Guilt tears at my chest, making it harder to breathe as he fills my senses.
I’d tried to stay strong for him, to keep us going when he couldn’t, but it had all been too much. It had felt like drowning, and at some point, I stopped fighting the tide. I shouldn’t have, not with Julian, but it was all too much.
It’ll get better with time, Julian promises desperately. I promise it will. I’ll make sure it does.
Weak tenderness creeps into my heart at his solemn words. I know he means them. Max is my mate, but Julian shares my soul. His truths are mine, his promises made by our tongue. He would not break them.
“Let me love you,” Max begs, those wet eyes trying to keep hold of mine. “Let me love you.”
My heart lurches within his piercing grasp.

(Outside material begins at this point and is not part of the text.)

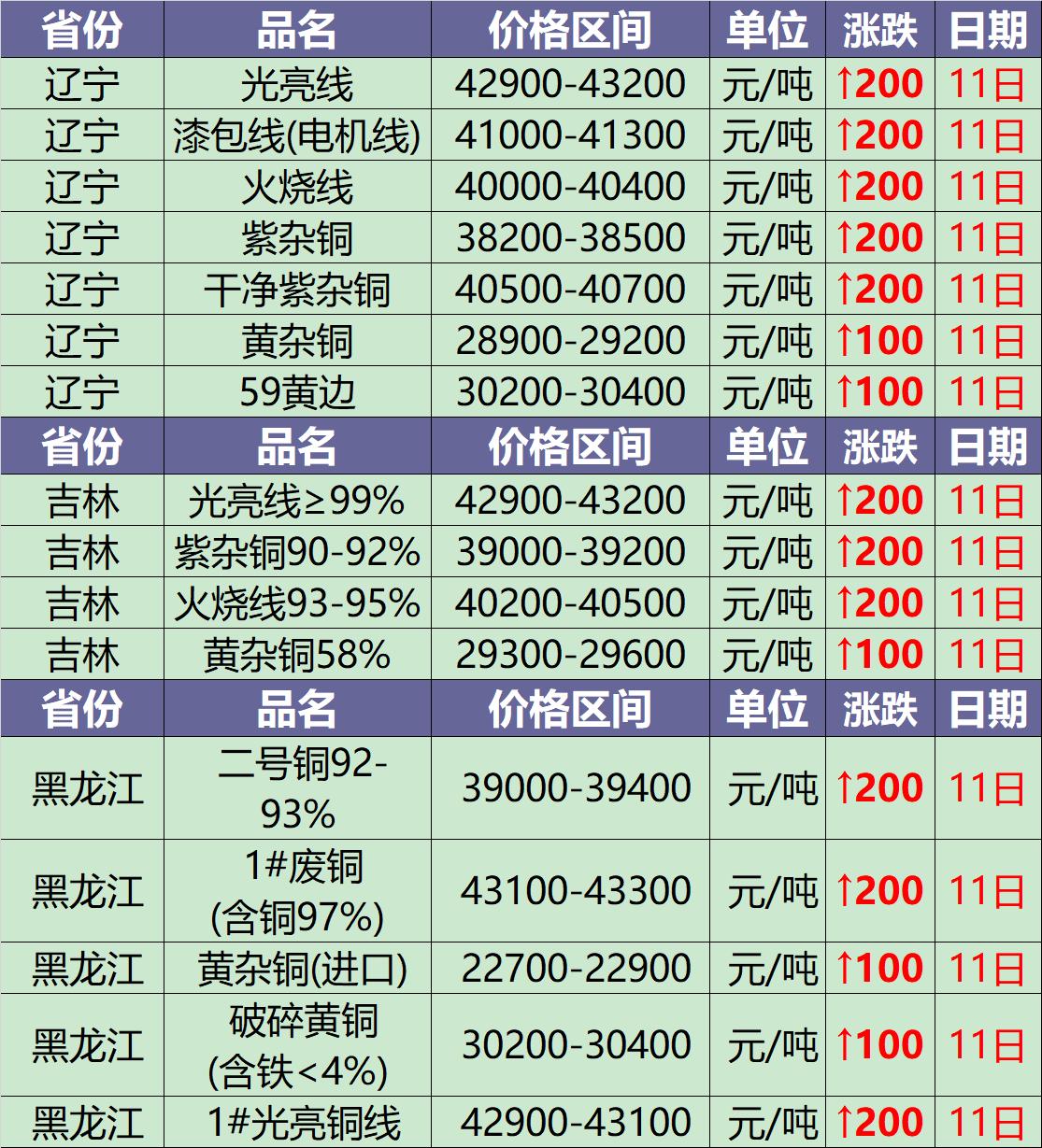 废铜最新价格及市场走势与影响因素分析概述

“I won’t make you regret it,” he vows earnestly. “I won’t ever hurt you like this again. I won’t. I promise.”
I promise.
I promise.
I promise.
The words ring in my ears like a bad opus.
“The last time you promised that you would never leave me, you looked at me the same way,” I whisper as I slide my hands over his.
“You looked at me just like this—like you held all the love in the world and reserved it just for me.” I grip his fingers, allowing myself to relish in their warmth for only a moment before I peel them away. “And then you left me.”
“Alex …” Max breathes my name like a prayer.
“I’ll stay. For Julian,” I tell him, standing, wiping my face clean. “I’ll deal with this—for him. I’ll live with this pain—for him. Not for you.”
The weight of my words hits him, but they do nothing to me with the agony already roiling inside. Besides, the relief that ruptures out of Julian is enough to mute everything else. For now.
I focus on that as I reach for him, begging him to take control. He hesitates, afraid that I won’t linger if he does, but our trust is a deep thing. He takes hold of me and doesn’t let go.
“Alex, please!” Max tries as he feels me fading, but it’s too late.
I’ve been the fool, the one to put us before our other halves. We were wolves first: the council to our humans, their protectors and companions. Max understood that. Which was why he’d left, because Aiden needed him.
Well, I understand that now, too. I would stay, because Julian needed me, not because of him.
Our other halves first. As it was meant to be.